Instructions for the task.
Beneath this line sits some data. Return only its lines from the one holding "2164 W Holly" through the one holding "ABS POMPA I", inclusive, exactly, with the images removed.

Extracted material.

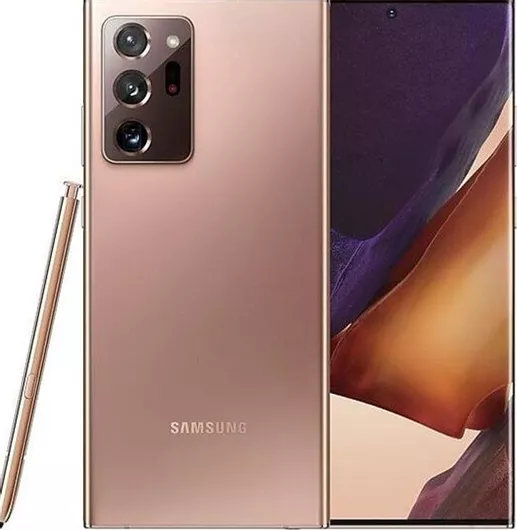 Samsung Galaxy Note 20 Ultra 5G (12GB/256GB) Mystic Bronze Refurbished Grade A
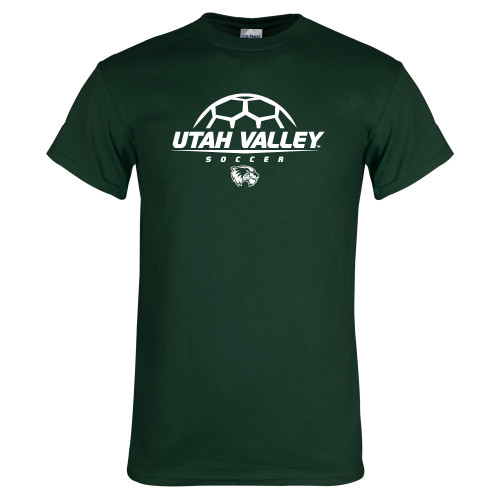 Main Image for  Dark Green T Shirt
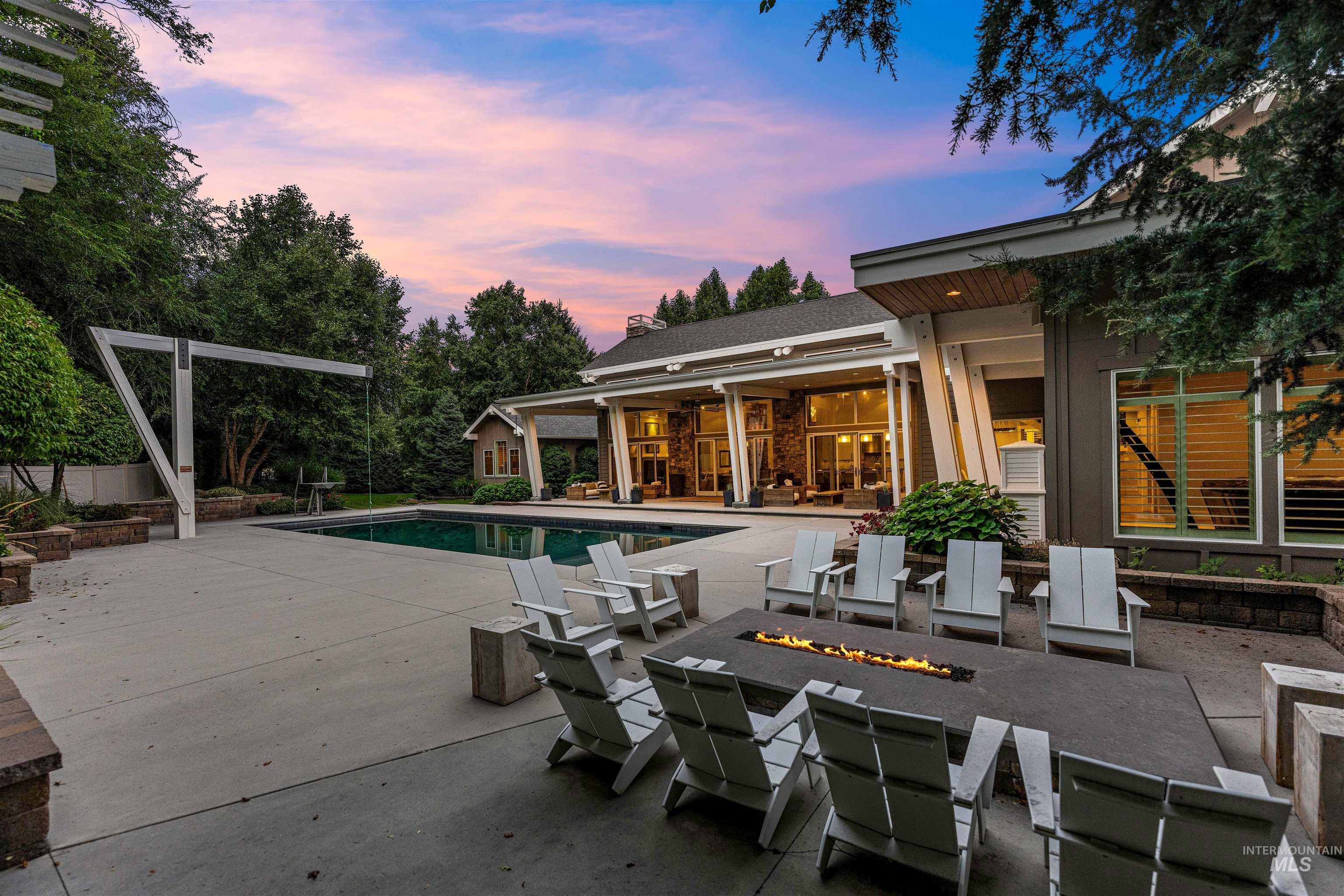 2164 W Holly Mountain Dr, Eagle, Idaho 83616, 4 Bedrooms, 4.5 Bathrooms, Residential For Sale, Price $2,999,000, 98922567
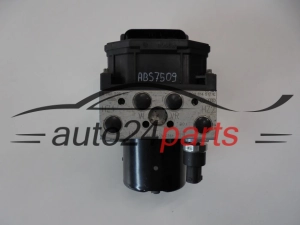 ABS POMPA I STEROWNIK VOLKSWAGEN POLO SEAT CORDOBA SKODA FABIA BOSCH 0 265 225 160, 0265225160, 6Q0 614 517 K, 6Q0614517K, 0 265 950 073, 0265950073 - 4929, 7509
* * *
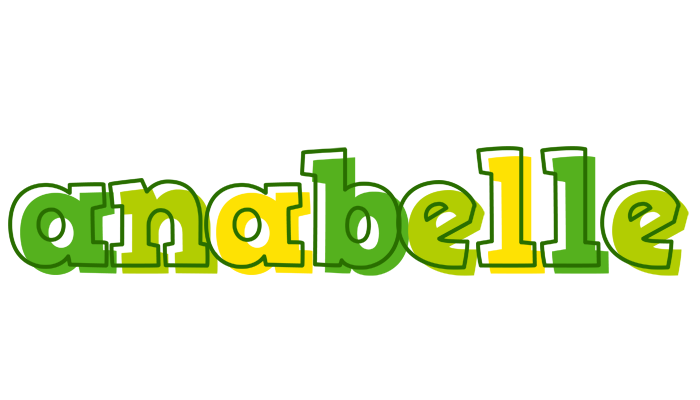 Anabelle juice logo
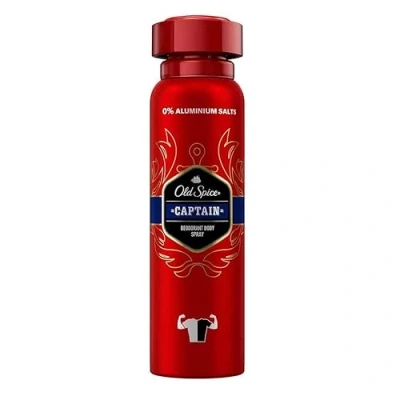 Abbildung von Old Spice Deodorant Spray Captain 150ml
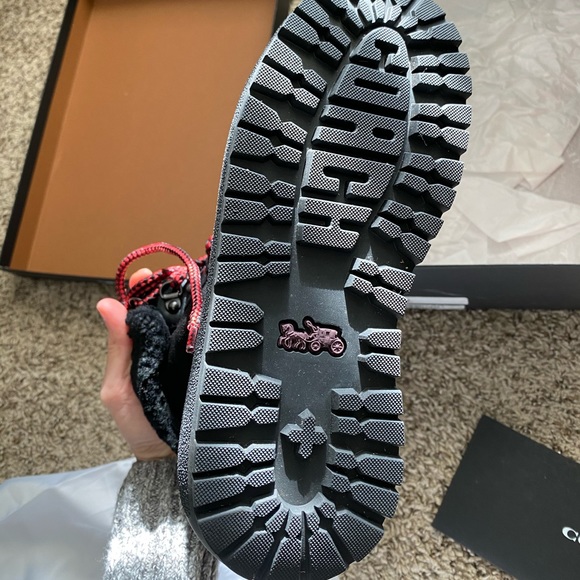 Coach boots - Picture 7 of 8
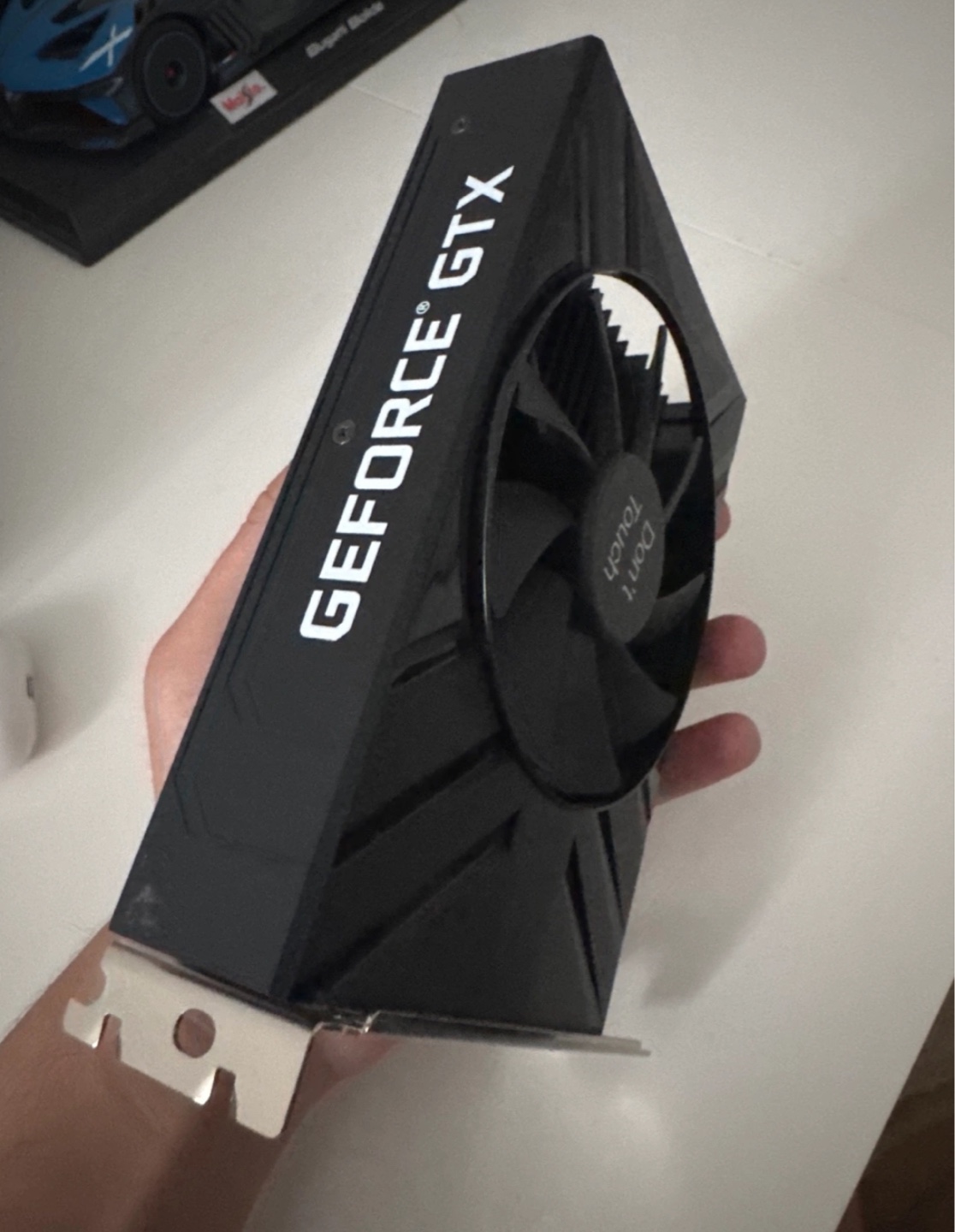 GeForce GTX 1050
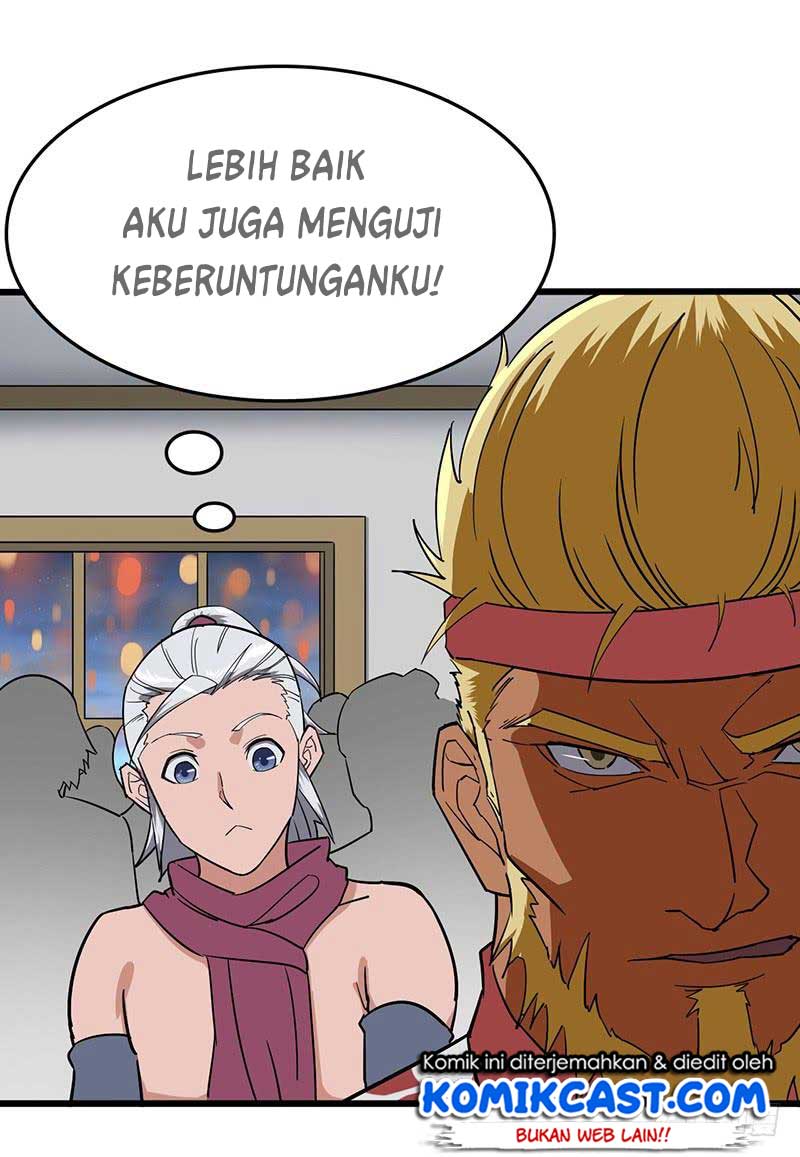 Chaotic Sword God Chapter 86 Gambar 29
...
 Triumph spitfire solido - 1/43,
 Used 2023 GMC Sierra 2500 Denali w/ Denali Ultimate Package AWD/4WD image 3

Written response.
 2164 W Holly Mountain Dr, Eagle, Idaho 83616, 4 Bedrooms, 4.5 Bathrooms, Residential For Sale, Price $2,999,000, 98922567
 ABS POMPA I STEROWNIK VOLKSWAGEN POLO SEAT CORDOBA SKODA FABIA BOSCH 0 265 225 160, 0265225160, 6Q0 614 517 K, 6Q0614517K, 0 265 950 073, 0265950073 - 4929, 7509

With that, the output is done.